Supplied data:
== Segment start ==

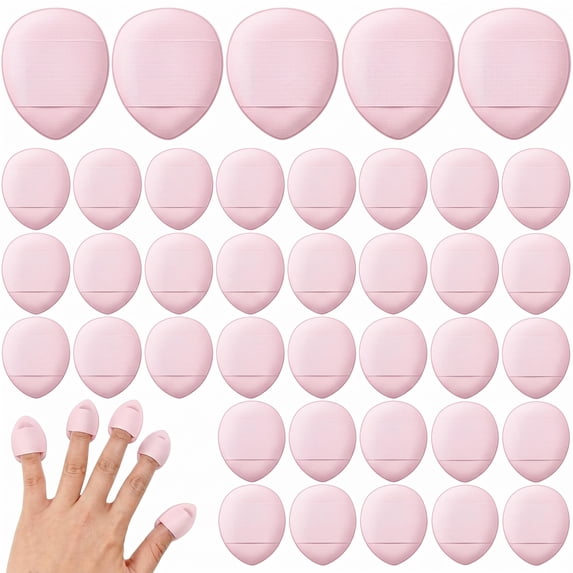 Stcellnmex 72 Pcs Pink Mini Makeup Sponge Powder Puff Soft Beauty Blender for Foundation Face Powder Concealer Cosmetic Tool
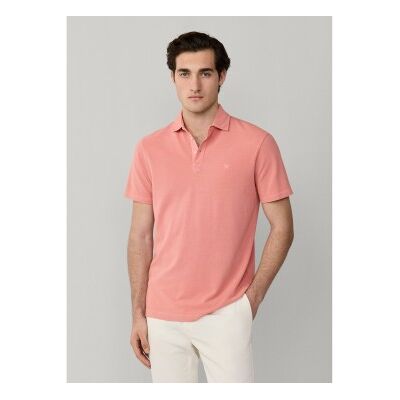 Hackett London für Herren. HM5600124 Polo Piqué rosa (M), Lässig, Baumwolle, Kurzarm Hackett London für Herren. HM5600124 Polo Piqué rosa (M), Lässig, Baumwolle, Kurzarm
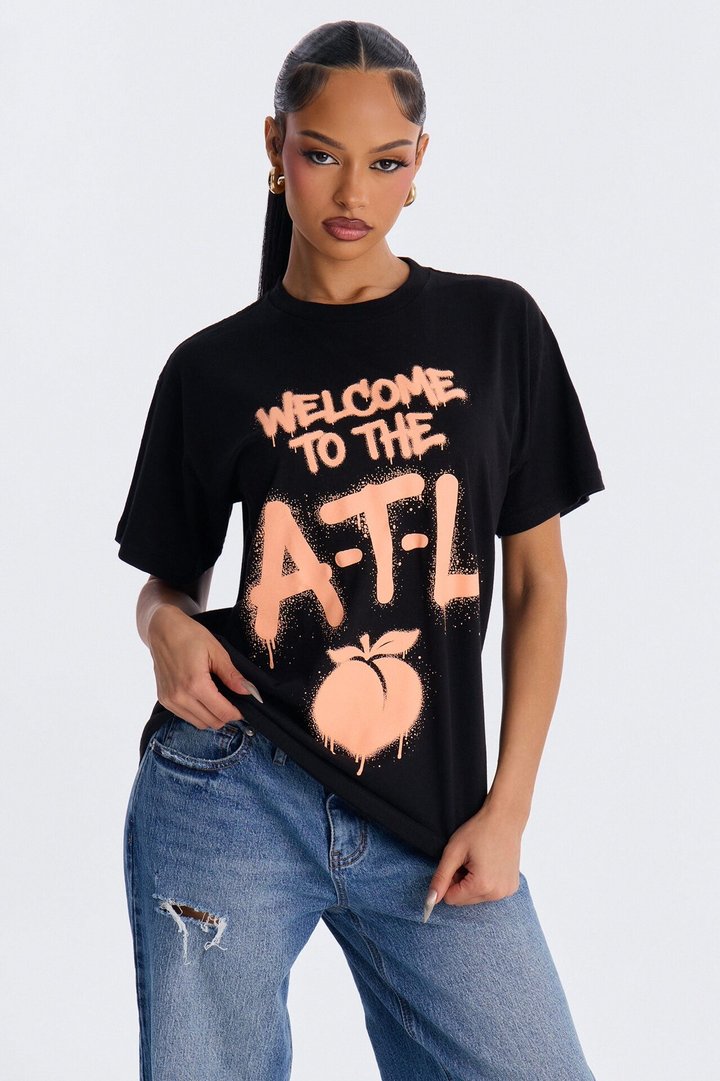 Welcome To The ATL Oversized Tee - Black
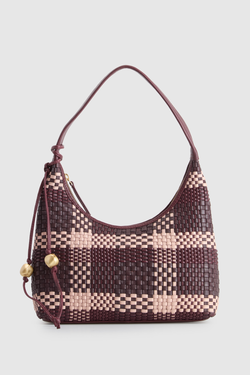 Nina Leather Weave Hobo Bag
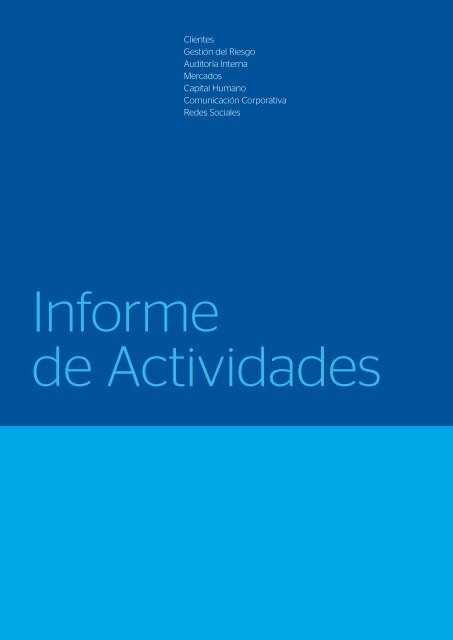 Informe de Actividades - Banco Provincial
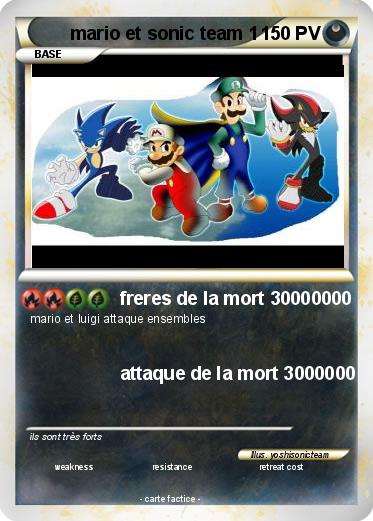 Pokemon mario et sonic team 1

== Segment end ==
== Segment start ==

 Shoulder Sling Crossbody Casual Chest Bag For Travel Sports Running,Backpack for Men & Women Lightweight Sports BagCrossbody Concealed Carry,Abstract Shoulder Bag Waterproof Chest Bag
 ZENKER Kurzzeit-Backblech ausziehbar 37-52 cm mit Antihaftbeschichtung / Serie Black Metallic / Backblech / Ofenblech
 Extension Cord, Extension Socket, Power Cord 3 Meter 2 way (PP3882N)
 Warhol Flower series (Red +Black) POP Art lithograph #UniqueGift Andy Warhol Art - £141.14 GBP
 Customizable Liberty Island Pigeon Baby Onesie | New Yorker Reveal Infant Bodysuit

== Segment end ==
== Segment start ==

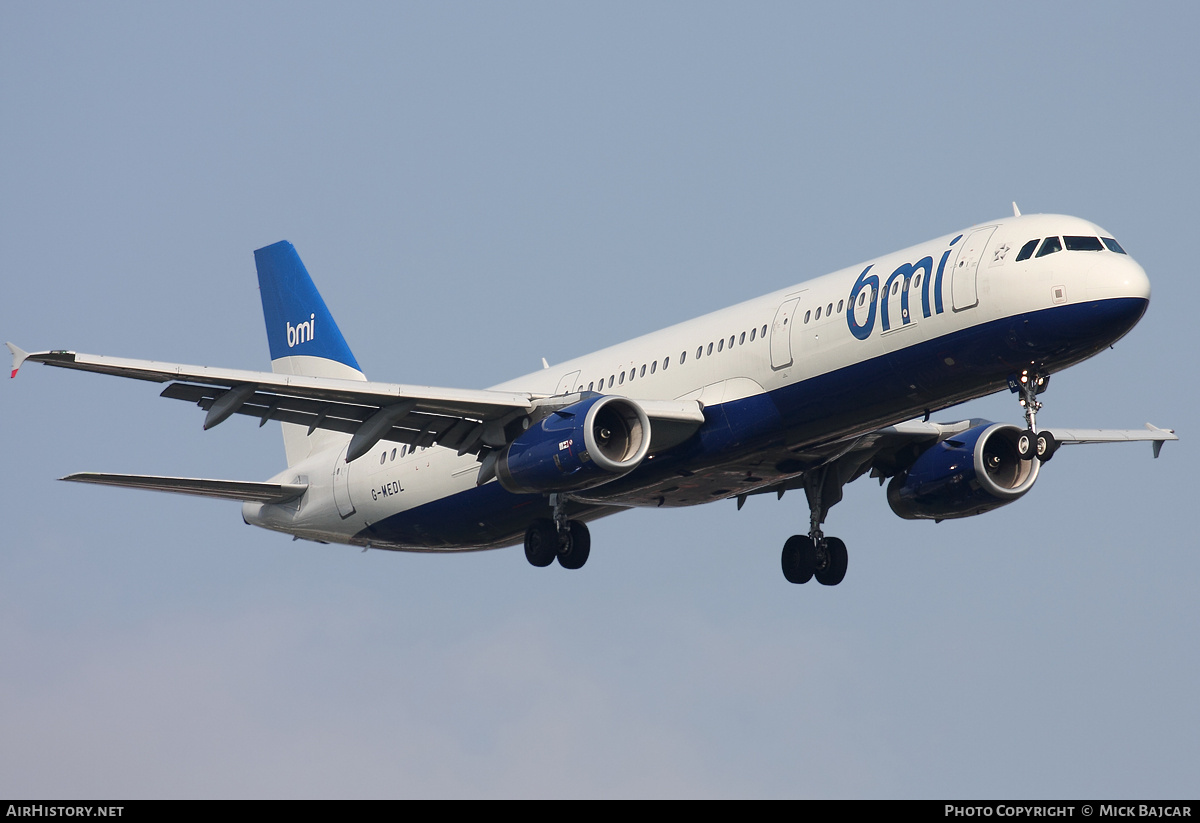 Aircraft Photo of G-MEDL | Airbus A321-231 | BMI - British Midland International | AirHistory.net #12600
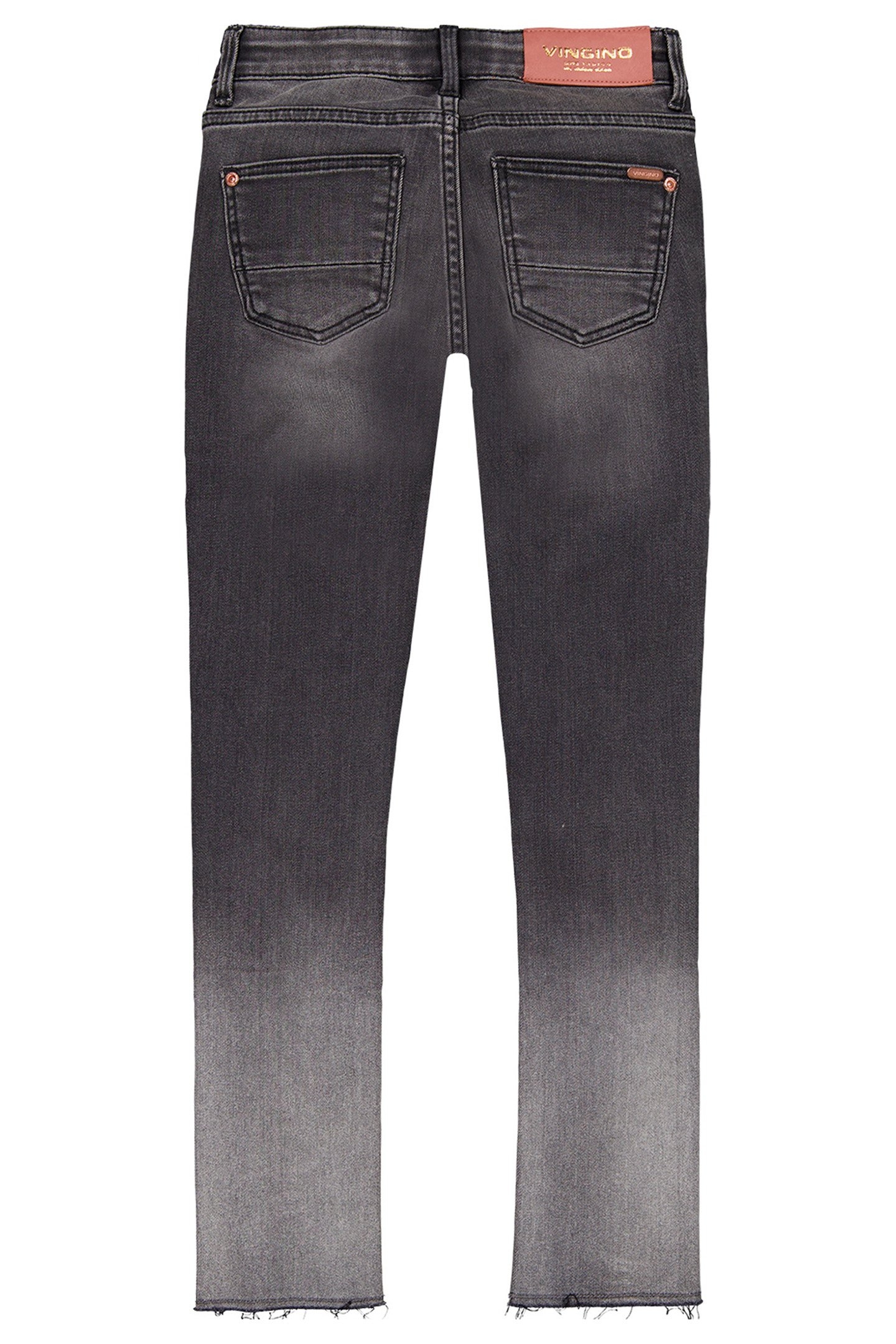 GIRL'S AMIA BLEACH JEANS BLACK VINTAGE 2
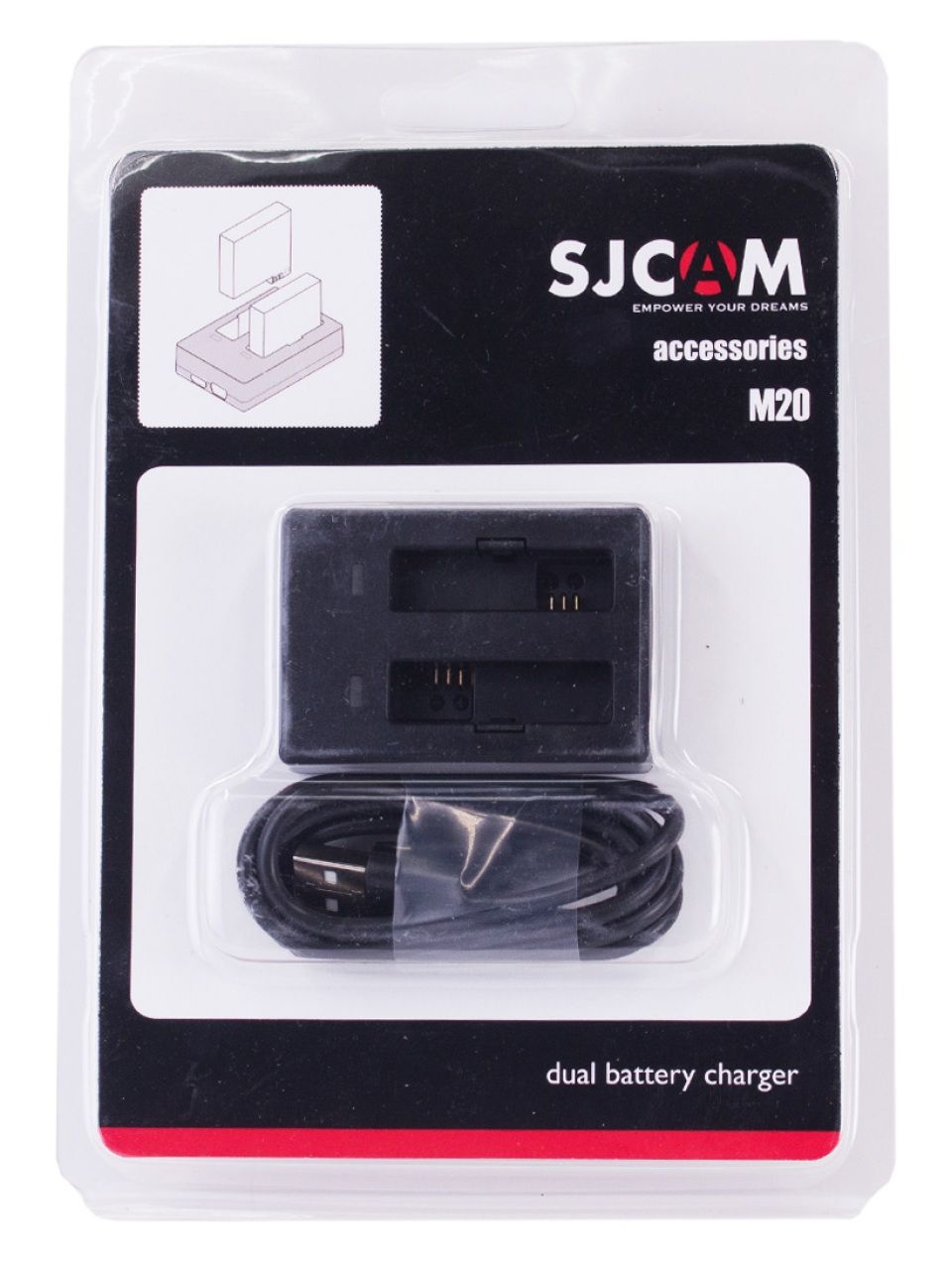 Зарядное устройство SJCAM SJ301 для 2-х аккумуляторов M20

== Segment end ==

What you will do:
Would you restate, exactly and with no pictures, the lines of the entries above from the one containing "Baumwolle, Kurzarm Hackett" through the one containing "Pokemon mario et sonic team 1"?

Answer box:
 Hackett London für Herren. HM5600124 Polo Piqué rosa (M), Lässig, Baumwolle, Kurzarm Hackett London für Herren. HM5600124 Polo Piqué rosa (M), Lässig, Baumwolle, Kurzarm
 Welcome To The ATL Oversized Tee - Black
 Nina Leather Weave Hobo Bag
 Informe de Actividades - Banco Provincial
 Pokemon mario et sonic team 1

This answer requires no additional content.